Last week, the House legislative calendar was so packed that Democratic House Speaker Mark Ferrandino told lawmakers they would need to work the weekend. That didn’t happen, but lawmakers spent several late nights at the Capitol debating major pieces of legislation, while bickering about whether the opposing party was talking too long on the proposals and raising the specter of a special session.

Colorado Springs Republican Rep. Mark Waller, the GOP House leader, said the divisive bills Democrats have introduced have slowed down the process, not Republican debate.

“What are we supposed to do? Just roll over and let them pass this what we believe is horrible policy for the people of the state of Colorado? I don’t think that’s appropriate. We still have a responsibility to fight for what we believe is right,” he said.

The torrent of significant bills comes as Democrats regained control of the House, after two years in the minority, and retained their control of the Senate in November. Also, with a Democrat in the governor’s office, the party need not bow to Republicans on many issues.

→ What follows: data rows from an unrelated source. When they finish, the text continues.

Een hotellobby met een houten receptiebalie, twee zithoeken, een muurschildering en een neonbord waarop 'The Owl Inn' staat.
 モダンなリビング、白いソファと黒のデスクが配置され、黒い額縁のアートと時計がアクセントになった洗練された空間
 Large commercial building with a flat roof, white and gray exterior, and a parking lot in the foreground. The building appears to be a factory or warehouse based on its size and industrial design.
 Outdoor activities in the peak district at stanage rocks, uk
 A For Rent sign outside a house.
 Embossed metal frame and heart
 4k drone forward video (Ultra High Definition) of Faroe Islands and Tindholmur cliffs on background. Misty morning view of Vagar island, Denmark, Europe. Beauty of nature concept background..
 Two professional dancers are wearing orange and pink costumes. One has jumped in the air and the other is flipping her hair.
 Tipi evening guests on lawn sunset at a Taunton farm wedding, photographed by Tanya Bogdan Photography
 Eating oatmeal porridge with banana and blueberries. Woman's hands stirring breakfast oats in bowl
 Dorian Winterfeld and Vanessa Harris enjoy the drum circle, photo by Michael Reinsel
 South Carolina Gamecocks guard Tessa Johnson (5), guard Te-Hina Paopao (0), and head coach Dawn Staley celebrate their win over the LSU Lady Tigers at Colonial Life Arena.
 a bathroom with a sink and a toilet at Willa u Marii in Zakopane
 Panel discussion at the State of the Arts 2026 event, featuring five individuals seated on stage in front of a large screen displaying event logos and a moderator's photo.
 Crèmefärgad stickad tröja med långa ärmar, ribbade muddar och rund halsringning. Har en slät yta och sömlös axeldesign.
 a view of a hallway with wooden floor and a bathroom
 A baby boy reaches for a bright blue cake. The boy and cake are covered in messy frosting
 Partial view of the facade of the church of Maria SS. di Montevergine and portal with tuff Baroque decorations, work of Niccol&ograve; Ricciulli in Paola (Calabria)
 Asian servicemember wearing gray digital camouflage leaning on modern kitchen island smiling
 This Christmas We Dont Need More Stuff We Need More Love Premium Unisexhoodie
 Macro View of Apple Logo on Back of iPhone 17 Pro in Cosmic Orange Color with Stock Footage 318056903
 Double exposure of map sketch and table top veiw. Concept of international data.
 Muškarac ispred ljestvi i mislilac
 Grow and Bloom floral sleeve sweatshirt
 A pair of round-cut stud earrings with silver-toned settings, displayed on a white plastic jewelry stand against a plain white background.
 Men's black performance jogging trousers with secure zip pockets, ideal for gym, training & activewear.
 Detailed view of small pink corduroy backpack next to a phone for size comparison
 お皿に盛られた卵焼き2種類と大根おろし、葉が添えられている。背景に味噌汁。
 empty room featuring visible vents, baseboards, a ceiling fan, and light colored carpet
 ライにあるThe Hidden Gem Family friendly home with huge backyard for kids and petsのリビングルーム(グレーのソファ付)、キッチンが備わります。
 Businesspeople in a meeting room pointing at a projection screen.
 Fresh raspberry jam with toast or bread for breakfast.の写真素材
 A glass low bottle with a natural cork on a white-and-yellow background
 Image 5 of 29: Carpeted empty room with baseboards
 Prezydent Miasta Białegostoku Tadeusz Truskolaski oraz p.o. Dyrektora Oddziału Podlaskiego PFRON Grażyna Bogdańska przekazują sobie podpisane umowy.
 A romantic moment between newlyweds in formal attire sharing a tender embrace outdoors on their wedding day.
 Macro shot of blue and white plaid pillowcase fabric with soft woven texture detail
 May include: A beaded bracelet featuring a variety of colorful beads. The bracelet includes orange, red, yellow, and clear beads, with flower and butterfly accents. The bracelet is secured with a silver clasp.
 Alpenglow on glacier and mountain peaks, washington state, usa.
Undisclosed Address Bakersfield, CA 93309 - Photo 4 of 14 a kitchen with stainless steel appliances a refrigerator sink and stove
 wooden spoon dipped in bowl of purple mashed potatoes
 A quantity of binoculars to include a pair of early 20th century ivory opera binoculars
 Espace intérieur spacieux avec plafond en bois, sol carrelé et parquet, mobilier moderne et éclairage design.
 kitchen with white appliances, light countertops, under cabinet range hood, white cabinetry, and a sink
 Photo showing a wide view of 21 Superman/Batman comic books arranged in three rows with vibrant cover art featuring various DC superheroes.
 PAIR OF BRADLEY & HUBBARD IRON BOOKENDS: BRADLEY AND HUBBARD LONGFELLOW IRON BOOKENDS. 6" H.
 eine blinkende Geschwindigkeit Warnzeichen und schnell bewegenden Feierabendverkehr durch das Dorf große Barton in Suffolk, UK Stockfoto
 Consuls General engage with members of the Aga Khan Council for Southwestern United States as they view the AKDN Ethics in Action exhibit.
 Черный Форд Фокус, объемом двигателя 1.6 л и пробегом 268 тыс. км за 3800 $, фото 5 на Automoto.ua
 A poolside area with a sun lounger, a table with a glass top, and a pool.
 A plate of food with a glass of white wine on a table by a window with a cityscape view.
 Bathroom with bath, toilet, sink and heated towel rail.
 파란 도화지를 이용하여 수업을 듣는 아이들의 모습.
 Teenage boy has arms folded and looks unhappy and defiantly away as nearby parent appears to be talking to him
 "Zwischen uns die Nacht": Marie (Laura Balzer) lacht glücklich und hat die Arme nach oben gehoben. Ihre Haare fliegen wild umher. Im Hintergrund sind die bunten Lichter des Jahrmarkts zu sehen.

Denver Democratic Rep. Lois Court said it’s true her party’s bills have led to a packed calendar and longer debates.

“There’s a whole lot of work that we wanted to do, and we’re trying to do it,” Court said.

To which Waller quipped, “Whether that work is incredibly partisan or not.”

On Monday, the House gave final approval to bills they spent hours debating last week, including the last two gun measures on the Democrats’ package in response to last year’s mass shootings. One bill requires conceal-carry permit seekers to show handgun competency in person, such as demonstrating knowledge of where the safety is. Another bill strengthens a ban on gun ownership by domestic offenders by establishing a process for them to relinquish their firearms.

House Democrats also passed a union bill Monday despised by Republicans, who unanimously opposed it. The bill would grant unemployment benefits to workers during lockouts.

A bill enhancing labor rights for professional firefighters, and a proposal expanding legal remedies for employee discrimination at small businesses also passed the House last week with no Republican support after hours of debate.

And Democrats have Republicans riled up about sweeping changes to election rules, allowing same-day voter registration and mailing ballots to all registered voters. That bill, which is now in the Senate, passed the House last week with all Republicans voting no.

“This is very ambitious agenda, and you know our jobs are to represent our constituents,” Court said.

Many of the bills the House has recently passed still have to go to the Senate for consideration, and long arguments are also expected there. Meanwhile, the House is waiting to consider Senate bills allowing driver’s licenses for immigrants in the country illegally, and raising renewable energy requirements for rural electricity co-ops.

“We don’t have the votes,” Waller said of his party. “And so the way we fight for the citizens of the state of Colorado, is through exercising our voice. And if that takes hours to do, on extremely weighty legislation, then so be it.”